### Assignment
Locate "Jacket Collar With Sash Women's Trench Coat" in the listing. Transcribe the line that contains it and every line that follows, through the last, omitting all pictures.

### Supplied material
((
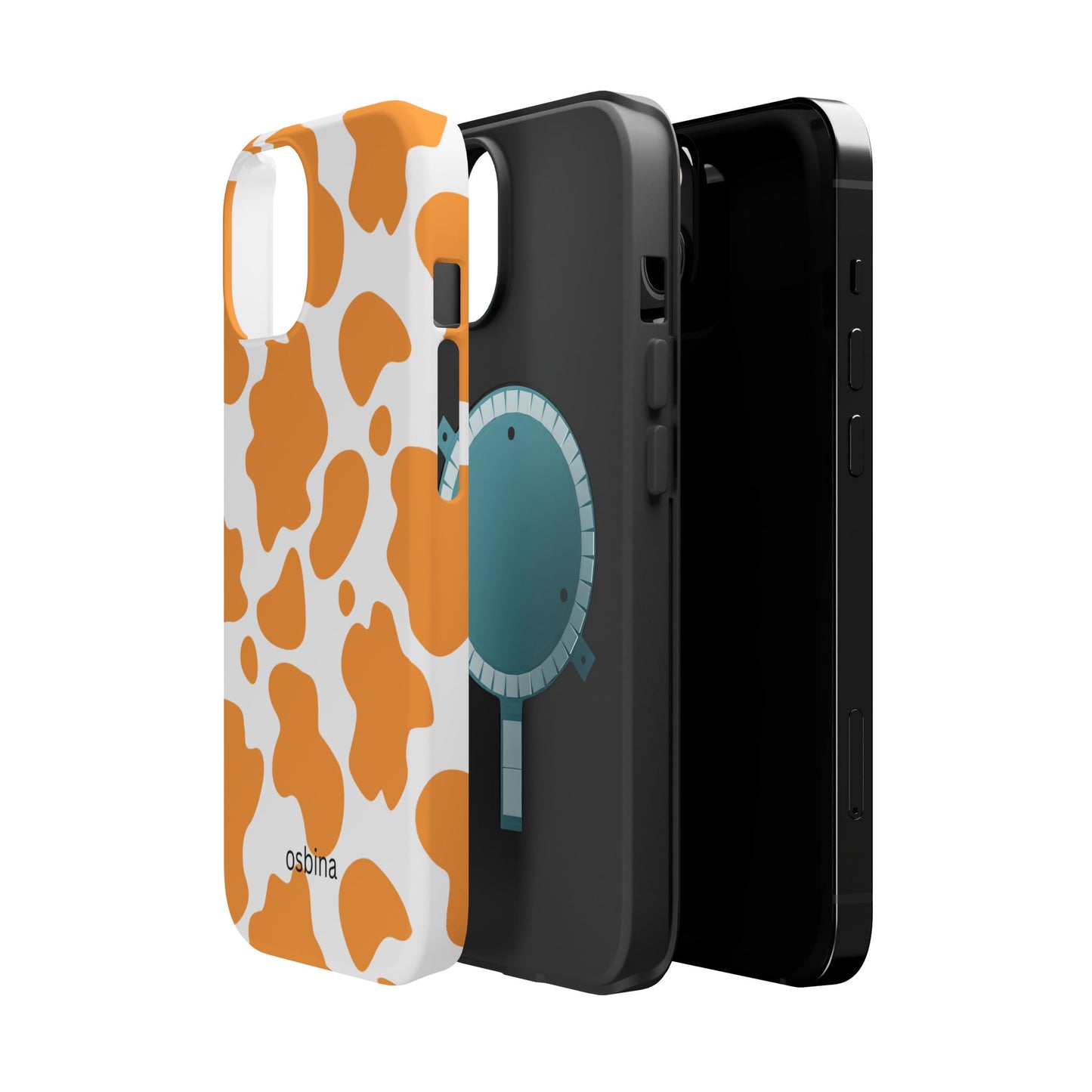 osbina | MagSafe Compatible for iPhone | Holy Cow, It’s Chic — The Orange Cow Print Case | The Season Collective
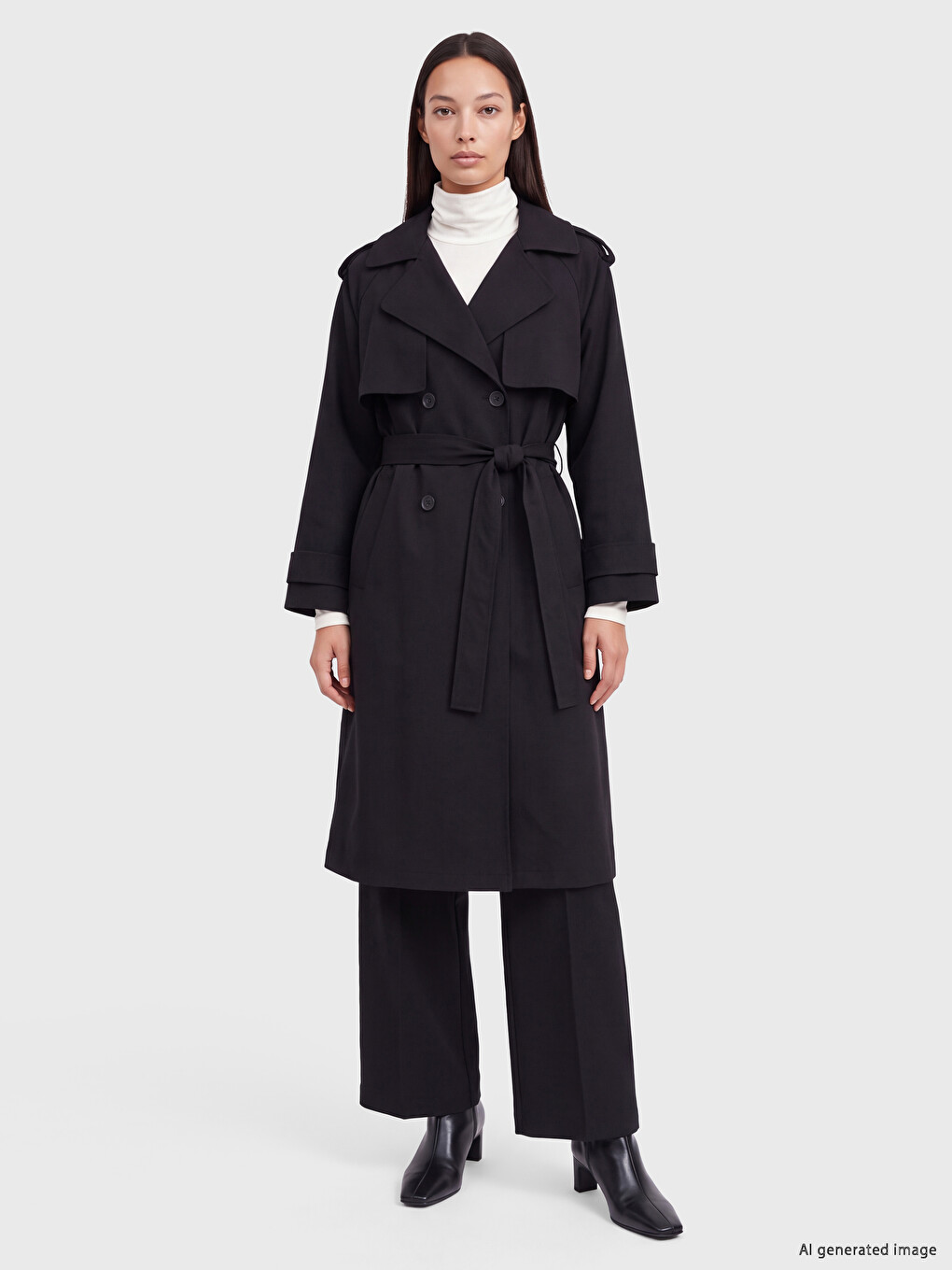 Jacket Collar With Sash Women's Trench Coat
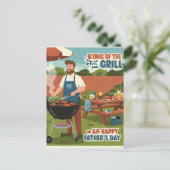 父の日はがき用の裏庭のバーベキュー ポストカード (スタンド正面)
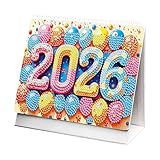 Monatlicher Tischkalender, Schreibtischkalender mit Kristallen 2026, oder dekorativ für Zuhause...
))
### The answer
 Jacket Collar With Sash Women's Trench Coat
 父の日はがき用の裏庭のバーベキュー ポストカード (スタンド正面)
 Monatlicher Tischkalender, Schreibtischkalender mit Kristallen 2026, oder dekorativ für Zuhause...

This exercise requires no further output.